- Opening Delimiter -
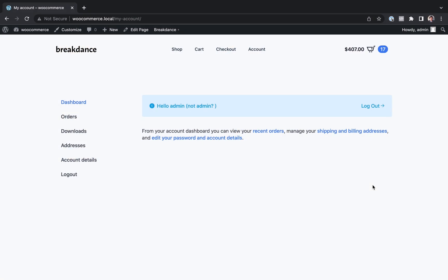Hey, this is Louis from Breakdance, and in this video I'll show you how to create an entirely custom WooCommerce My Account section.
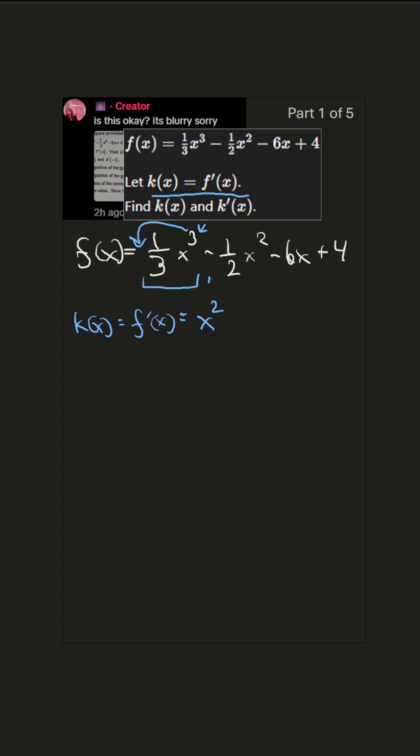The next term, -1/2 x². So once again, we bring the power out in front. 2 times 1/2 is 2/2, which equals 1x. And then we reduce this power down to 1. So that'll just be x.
- Closing Delimiter -
- Opening Delimiter -
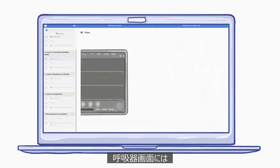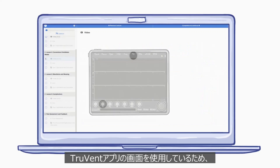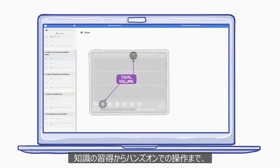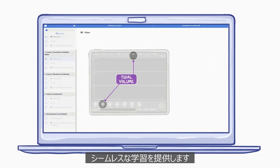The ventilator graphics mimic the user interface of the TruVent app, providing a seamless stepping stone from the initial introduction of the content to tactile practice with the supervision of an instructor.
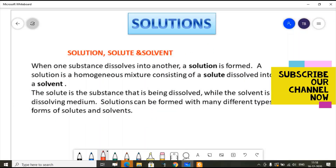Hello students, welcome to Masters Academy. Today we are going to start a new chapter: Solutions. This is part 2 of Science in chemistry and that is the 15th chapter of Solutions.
- Closing Delimiter -
• ASSIGNMENT: Each line between the one holding "Hey, this is" and the one holding "The next term, -1/2", inclusive, should be copied exactly as it appears above, and pictures should be omitted.

• EXERCISE RESPONSE:
Hey, this is Louis from Breakdance, and in this video I'll show you how to create an entirely custom WooCommerce My Account section.
The next term, -1/2 x². So once again, we bring the power out in front. 2 times 1/2 is 2/2, which equals 1x. And then we reduce this power down to 1. So that'll just be x.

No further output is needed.